-- WHAT THE EXERCISE ASKS --
The entries below must be restated word for word.

-- SUPPLIED INFORMATION --

- - -

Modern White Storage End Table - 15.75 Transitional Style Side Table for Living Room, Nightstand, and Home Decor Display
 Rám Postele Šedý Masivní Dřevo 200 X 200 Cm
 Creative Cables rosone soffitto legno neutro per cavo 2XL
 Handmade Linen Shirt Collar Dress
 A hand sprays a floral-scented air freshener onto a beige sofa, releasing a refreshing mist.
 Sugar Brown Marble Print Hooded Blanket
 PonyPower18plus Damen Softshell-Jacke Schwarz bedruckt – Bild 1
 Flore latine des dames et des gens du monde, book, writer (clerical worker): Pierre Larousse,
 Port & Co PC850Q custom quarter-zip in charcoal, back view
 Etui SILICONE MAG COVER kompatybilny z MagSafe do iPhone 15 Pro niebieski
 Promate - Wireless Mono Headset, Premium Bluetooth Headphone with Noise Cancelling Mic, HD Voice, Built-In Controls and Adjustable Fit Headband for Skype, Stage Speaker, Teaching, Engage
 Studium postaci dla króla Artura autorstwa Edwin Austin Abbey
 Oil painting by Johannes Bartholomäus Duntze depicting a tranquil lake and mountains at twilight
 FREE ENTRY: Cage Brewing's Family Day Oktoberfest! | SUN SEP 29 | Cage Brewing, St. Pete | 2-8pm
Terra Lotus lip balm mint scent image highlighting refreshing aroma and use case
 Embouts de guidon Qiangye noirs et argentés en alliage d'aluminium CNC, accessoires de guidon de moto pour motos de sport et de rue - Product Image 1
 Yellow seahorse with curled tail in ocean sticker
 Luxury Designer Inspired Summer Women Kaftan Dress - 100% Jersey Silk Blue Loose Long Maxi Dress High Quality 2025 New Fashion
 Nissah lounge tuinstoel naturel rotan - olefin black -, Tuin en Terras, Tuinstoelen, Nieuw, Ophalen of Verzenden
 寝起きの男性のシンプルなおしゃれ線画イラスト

- - -

-- RESPONSE TO THIS TASK --
Modern White Storage End Table - 15.75 Transitional Style Side Table for Living Room, Nightstand, and Home Decor Display
 Rám Postele Šedý Masivní Dřevo 200 X 200 Cm
 Creative Cables rosone soffitto legno neutro per cavo 2XL
 Handmade Linen Shirt Collar Dress
 A hand sprays a floral-scented air freshener onto a beige sofa, releasing a refreshing mist.
 Sugar Brown Marble Print Hooded Blanket
 PonyPower18plus Damen Softshell-Jacke Schwarz bedruckt – Bild 1
 Flore latine des dames et des gens du monde, book, writer (clerical worker): Pierre Larousse,
 Port & Co PC850Q custom quarter-zip in charcoal, back view
 Etui SILICONE MAG COVER kompatybilny z MagSafe do iPhone 15 Pro niebieski
 Promate - Wireless Mono Headset, Premium Bluetooth Headphone with Noise Cancelling Mic, HD Voice, Built-In Controls and Adjustable Fit Headband for Skype, Stage Speaker, Teaching, Engage
 Studium postaci dla króla Artura autorstwa Edwin Austin Abbey
 Oil painting by Johannes Bartholomäus Duntze depicting a tranquil lake and mountains at twilight
 FREE ENTRY: Cage Brewing's Family Day Oktoberfest! | SUN SEP 29 | Cage Brewing, St. Pete | 2-8pm
Terra Lotus lip balm mint scent image highlighting refreshing aroma and use case
 Embouts de guidon Qiangye noirs et argentés en alliage d'aluminium CNC, accessoires de guidon de moto pour motos de sport et de rue - Product Image 1
 Yellow seahorse with curled tail in ocean sticker
 Luxury Designer Inspired Summer Women Kaftan Dress - 100% Jersey Silk Blue Loose Long Maxi Dress High Quality 2025 New Fashion
 Nissah lounge tuinstoel naturel rotan - olefin black -, Tuin en Terras, Tuinstoelen, Nieuw, Ophalen of Verzenden
 寝起きの男性のシンプルなおしゃれ線画イラスト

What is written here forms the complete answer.